I kind of like rebasing

Overall sentiment

  • Many commenters say they “like” or heavily rely on rebasing; a substantial minority prefer merge-only or don’t care enough to learn rebase deeply.
  • Most agree: rebasing is fine on private branches, risky on shared/public branches unless everyone is aligned.

Perceived advantages of rebasing

  • Lets people commit early/often in a messy way, then reshape history into clean, atomic commits before publication.
  • Produces linear history that’s easier to read with git log, git log -p, and tools like bisect.
  • Makes it easier to split work into logically separate changes, move preparatory refactors out of big features, and present a narrative of the change.
  • Some find merge commits conceptually harder (multiple parents) than a rebased linear chain.

Critiques and risks of rebasing

  • Rewriting history can confuse collaborators, especially if they’ve based work or reviews on older commits.
  • Force-pushing after rebase is seen as a footgun; people recommend --force-with-lease and protected branches, but cognitive load remains.
  • Rebase can create “fake” intermediate commits that were never tested or even built, harming bisectability.
  • Some argue preserving the messy “true history” has value for forensic debugging and understanding how things actually evolved.

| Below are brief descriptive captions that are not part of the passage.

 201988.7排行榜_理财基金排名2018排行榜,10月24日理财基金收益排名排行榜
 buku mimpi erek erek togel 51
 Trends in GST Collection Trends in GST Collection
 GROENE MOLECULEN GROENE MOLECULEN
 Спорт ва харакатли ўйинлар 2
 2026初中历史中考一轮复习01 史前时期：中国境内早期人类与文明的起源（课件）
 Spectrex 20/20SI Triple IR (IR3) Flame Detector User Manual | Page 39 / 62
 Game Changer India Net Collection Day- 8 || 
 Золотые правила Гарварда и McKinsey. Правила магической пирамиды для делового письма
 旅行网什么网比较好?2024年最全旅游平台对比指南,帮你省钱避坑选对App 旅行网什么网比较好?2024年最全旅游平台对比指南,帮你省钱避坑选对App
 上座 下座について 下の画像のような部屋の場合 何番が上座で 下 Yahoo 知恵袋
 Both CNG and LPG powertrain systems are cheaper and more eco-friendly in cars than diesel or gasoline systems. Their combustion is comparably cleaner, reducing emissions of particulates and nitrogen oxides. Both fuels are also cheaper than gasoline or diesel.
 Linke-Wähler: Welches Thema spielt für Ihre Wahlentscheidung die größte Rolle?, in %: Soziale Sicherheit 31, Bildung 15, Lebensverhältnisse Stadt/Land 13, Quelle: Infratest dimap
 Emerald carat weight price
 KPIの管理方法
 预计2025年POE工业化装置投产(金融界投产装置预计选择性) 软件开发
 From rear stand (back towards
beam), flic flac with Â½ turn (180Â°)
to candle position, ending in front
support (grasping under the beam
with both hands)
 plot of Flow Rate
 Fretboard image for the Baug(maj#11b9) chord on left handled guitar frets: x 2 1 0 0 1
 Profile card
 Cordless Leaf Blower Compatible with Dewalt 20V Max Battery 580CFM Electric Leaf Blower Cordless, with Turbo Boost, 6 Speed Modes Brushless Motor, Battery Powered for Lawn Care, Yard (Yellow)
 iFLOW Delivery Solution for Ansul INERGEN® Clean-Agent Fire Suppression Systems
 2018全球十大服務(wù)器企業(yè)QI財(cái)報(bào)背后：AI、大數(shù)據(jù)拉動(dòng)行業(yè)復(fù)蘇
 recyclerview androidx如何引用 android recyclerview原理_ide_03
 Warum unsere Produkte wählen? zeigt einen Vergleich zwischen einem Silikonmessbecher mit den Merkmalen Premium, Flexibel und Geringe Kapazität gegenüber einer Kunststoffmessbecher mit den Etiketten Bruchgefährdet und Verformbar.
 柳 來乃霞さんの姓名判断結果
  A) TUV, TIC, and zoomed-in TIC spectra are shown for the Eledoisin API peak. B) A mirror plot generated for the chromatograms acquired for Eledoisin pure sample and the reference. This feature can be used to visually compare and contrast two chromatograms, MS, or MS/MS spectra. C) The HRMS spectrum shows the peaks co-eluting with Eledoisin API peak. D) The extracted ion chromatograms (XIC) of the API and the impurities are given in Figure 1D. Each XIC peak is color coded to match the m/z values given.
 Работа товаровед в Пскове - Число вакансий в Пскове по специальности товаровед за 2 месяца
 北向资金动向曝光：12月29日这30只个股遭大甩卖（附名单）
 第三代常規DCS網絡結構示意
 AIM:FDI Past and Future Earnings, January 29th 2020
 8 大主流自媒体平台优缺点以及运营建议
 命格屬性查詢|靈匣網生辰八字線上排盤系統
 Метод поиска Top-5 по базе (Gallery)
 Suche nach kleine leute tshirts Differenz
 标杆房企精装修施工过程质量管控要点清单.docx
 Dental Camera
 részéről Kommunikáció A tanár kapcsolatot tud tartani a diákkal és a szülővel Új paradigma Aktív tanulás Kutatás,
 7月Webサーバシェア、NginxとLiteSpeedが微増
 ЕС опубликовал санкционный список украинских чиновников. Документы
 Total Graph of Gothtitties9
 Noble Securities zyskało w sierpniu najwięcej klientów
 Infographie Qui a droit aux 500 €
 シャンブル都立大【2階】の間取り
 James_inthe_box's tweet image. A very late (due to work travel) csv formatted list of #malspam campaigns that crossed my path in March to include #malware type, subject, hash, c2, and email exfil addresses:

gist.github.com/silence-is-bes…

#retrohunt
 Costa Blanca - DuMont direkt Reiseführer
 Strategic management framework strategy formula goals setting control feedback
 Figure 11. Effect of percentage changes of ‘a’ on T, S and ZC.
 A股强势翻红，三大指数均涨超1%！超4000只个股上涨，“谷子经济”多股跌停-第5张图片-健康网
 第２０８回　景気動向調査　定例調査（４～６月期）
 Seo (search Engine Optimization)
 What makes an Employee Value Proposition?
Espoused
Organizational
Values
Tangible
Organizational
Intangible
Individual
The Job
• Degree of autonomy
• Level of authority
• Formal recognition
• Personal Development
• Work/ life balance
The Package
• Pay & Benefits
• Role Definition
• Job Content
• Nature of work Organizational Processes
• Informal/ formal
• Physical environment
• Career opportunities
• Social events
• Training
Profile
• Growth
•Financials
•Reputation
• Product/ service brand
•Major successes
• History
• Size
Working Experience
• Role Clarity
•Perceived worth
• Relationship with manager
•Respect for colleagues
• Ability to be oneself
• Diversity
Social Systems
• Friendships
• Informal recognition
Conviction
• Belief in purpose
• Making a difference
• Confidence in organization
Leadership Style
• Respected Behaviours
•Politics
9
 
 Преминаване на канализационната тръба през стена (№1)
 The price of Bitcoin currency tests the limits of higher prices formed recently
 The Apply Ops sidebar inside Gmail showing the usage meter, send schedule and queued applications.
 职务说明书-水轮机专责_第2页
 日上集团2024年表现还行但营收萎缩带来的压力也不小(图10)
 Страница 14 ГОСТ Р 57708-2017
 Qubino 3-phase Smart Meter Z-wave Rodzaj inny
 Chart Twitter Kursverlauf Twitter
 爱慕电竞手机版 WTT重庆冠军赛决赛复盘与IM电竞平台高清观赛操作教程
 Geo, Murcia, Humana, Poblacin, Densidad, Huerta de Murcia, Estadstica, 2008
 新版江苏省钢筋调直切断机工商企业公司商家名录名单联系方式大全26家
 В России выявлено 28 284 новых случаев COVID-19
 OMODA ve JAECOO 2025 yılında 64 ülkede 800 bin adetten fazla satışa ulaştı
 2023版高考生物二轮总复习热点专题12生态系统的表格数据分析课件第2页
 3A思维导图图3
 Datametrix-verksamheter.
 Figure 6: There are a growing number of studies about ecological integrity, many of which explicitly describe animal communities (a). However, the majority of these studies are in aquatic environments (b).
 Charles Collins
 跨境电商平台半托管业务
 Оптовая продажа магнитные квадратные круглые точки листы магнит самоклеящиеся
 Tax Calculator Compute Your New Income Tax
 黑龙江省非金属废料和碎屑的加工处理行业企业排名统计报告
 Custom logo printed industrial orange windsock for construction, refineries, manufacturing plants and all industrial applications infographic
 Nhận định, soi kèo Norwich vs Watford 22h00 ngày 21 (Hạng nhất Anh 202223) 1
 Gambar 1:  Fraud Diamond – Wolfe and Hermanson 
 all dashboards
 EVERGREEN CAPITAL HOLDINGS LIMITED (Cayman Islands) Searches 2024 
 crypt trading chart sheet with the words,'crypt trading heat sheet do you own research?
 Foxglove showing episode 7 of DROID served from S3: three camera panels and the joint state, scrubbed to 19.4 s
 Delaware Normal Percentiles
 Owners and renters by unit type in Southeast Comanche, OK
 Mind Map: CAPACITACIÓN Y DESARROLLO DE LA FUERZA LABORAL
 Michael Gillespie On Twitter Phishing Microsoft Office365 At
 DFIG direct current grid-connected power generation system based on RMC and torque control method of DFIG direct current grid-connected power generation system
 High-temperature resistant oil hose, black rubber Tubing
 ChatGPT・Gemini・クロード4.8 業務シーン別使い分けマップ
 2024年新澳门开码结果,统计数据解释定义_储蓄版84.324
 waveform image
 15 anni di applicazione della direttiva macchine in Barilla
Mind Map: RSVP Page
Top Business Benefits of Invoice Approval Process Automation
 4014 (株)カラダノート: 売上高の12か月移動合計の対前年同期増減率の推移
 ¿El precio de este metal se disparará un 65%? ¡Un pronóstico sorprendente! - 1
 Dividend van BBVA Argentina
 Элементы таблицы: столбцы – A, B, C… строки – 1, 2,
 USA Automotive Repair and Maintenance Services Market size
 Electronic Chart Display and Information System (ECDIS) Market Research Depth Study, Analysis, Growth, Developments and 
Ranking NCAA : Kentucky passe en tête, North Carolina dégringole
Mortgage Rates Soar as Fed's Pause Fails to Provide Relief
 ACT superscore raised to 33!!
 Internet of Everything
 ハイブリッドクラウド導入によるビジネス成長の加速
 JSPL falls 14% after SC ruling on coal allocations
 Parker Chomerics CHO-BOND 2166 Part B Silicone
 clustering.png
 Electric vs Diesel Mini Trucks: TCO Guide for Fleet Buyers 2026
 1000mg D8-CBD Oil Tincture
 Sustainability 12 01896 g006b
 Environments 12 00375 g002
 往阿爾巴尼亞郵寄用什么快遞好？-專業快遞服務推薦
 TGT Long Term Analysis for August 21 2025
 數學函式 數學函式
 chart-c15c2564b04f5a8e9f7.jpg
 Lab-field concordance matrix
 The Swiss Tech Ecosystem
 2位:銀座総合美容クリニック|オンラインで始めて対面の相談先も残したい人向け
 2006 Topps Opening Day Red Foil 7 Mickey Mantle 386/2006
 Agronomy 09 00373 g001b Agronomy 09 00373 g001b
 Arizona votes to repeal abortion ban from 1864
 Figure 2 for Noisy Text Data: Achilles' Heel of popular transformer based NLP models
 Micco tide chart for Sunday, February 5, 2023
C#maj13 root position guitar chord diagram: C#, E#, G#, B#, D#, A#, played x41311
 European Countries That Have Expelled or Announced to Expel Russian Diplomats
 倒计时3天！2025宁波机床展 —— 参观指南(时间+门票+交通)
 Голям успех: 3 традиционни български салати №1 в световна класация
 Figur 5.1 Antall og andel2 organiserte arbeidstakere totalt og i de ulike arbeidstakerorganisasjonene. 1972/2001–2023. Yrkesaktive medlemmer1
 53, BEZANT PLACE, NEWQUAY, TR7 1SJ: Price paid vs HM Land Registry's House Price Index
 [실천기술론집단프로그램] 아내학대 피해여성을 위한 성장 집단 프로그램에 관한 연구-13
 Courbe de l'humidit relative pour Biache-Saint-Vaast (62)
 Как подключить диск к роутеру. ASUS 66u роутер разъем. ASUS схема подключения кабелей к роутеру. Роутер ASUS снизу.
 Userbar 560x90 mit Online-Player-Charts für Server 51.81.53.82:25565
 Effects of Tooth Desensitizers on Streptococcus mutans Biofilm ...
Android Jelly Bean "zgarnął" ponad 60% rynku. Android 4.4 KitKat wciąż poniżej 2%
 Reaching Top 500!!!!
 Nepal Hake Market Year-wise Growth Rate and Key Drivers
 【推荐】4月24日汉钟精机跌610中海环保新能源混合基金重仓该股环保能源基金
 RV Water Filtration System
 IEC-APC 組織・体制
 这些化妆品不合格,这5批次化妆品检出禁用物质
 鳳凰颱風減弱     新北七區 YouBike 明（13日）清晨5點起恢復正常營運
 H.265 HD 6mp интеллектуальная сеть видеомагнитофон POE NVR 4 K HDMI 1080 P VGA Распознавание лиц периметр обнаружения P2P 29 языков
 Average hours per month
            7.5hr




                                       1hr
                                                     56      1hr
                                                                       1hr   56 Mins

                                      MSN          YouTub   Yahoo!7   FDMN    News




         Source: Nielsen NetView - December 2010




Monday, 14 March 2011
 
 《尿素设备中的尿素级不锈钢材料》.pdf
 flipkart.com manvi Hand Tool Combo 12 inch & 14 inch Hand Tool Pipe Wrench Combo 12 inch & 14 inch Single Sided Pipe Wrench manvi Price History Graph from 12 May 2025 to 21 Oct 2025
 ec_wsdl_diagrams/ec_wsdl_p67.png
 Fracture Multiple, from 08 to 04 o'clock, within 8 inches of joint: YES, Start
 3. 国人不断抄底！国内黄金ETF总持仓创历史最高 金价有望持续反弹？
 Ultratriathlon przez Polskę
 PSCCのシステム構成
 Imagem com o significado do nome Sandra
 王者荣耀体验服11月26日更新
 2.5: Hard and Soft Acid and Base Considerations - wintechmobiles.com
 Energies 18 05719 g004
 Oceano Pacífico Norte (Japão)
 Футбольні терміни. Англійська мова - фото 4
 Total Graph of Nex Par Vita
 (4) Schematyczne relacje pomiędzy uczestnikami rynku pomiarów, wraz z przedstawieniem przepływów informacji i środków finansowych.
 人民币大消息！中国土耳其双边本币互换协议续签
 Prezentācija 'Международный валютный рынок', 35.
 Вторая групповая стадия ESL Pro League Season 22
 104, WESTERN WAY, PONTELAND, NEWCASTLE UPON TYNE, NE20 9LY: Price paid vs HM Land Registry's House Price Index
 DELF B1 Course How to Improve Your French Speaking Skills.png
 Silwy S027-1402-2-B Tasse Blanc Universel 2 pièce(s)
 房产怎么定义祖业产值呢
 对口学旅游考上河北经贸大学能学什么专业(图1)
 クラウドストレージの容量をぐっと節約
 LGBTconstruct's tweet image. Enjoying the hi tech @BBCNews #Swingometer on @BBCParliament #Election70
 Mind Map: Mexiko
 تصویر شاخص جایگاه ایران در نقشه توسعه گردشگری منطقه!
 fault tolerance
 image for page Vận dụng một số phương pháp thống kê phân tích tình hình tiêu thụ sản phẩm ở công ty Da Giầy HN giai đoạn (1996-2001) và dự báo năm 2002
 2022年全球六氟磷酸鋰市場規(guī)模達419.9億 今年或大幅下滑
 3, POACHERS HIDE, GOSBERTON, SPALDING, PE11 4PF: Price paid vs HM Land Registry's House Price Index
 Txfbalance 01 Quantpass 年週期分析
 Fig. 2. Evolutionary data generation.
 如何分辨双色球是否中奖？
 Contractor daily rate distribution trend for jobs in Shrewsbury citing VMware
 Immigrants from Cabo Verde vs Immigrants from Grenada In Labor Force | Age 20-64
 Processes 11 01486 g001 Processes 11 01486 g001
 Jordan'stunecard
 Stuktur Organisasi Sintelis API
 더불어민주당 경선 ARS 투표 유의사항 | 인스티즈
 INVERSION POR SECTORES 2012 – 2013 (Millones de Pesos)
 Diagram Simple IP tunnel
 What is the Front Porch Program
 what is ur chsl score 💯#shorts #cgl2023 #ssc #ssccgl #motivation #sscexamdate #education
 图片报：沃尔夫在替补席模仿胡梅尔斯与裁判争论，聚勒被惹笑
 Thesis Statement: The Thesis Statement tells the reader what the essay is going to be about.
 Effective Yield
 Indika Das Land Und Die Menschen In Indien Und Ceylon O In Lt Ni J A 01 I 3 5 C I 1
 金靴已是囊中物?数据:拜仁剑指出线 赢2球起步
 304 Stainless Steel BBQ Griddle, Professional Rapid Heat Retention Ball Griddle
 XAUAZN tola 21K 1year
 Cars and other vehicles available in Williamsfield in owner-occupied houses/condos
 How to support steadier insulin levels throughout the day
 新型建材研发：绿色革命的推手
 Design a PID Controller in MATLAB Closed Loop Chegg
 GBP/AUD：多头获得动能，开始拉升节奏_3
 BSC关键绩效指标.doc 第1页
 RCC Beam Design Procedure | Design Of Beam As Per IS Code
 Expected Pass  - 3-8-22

Merge, squash, and history strategies

  • Popular compromise: do whatever you want on feature branches, then squash-merge or rebase-and-merge into main for linear main history.
  • Others strongly oppose squash-merge-to-one-commit because it discards carefully curated atomic commits and harms bisect and blame.
  • Merge-centric workflows are praised for resolving conflicts once per branch, preserving real intermediate states, and avoiding commit-identity churn.

Atomic commits, debugging, and bisecting

  • Many value small, self-contained commits with good messages for debugging, blame, and understanding complex changes.
  • Some see little real-world use of history beyond linking to tickets/PRs and feel heavy history grooming isn’t worth the time.

Tooling and UX

  • Several note that raw git rebase -i UX is rough; GUIs (Magit, Fork, JetBrains, others) or tools like git-revise make complex rebases safer and more ergonomic.
  • Features like rerere, --update-refs, --exec in rebase, worktrees, and git log --first-parent are frequently mentioned as workflow aids.